Overview: Obstacles and opportunities

The Cayman Islands and Bahamas have faced the challenges of international scrutiny in recent years, but have proved determined to tackle change with further business growth. By Caroline Poynton.

In 1986, Charles Jennings was only the seventh lawyer to join Cayman Islands law firm Maples & Calder. And things were very different. “The infrastructure was very good for the Caribbean in the mid-1980s, but I can remember, for example, that to make long-distance calls, we had to call the operator to put us through,” he says. Since then, the firm has grown to over 140 lawyers and additional offices have been launched in Hong Kong (1995), London (1997), British Virgin Islands and Jersey (2004), Dubai (2005), and Dublin (2006). The firm’s growth and the international spread of its most senior lawyers – Jennings is now managing partner of the London office – is an obvious testament to the firm’s success, but it also reveals the extent to which the Cayman Islands has grown as an offshore jurisdiction in recent years.

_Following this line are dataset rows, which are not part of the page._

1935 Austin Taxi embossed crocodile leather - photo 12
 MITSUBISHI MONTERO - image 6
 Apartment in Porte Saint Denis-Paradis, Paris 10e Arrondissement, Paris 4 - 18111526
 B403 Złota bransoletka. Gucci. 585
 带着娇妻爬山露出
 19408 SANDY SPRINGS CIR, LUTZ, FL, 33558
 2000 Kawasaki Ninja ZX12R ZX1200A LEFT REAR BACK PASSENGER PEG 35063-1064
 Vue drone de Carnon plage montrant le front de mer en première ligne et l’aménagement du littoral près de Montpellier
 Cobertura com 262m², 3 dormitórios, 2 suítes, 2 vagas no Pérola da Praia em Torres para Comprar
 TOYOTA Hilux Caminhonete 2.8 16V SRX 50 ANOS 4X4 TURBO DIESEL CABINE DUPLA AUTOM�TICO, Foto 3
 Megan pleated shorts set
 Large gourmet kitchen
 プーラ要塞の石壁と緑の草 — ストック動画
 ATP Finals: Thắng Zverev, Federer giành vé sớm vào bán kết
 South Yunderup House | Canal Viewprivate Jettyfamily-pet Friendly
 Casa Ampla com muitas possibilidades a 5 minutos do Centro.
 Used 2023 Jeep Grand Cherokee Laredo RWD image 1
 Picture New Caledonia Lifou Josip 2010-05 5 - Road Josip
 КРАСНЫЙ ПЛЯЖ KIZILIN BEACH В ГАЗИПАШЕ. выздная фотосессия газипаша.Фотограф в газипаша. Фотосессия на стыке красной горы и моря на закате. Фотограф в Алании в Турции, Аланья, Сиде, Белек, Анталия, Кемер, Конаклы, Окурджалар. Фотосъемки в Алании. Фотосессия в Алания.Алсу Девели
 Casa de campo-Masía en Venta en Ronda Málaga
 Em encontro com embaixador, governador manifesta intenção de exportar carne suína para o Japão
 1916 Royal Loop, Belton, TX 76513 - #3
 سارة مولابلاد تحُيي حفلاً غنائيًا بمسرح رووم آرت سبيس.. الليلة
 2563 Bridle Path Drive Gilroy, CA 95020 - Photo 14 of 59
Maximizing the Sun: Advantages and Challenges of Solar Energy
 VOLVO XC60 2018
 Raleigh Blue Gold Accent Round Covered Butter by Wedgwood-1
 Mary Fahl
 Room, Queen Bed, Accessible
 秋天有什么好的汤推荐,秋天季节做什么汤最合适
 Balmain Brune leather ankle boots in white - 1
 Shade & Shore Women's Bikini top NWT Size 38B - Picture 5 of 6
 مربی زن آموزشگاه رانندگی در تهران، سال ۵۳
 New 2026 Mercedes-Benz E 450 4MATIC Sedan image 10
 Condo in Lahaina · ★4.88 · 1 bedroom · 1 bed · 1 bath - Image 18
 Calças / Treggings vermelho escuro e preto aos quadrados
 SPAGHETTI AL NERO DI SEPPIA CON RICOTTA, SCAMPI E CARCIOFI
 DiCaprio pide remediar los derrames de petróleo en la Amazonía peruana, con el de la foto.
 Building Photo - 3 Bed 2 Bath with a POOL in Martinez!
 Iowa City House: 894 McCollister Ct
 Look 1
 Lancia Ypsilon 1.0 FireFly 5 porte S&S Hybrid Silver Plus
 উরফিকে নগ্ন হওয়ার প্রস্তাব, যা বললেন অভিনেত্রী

Nor is it alone in the change process. Since the 1980s the Cayman Islands has shifted its emphasis from private-client work to international business and finance, gaining particular recognition for its expertise in mutual and hedge funds. Such developments have gained the jurisdiction an impressive reputation, but it has also helped the Bahamas focus resources on its own strengths. “It’s not that we don’t want to get involved in mutual-fund administration and corporate activities,” says Ian Fair, deputy chairman and director at Butterfield Bank (Bahamas), “but Bermuda has stolen a march in relation to insurance and Cayman is very much mutual funds and corporate-trust areas.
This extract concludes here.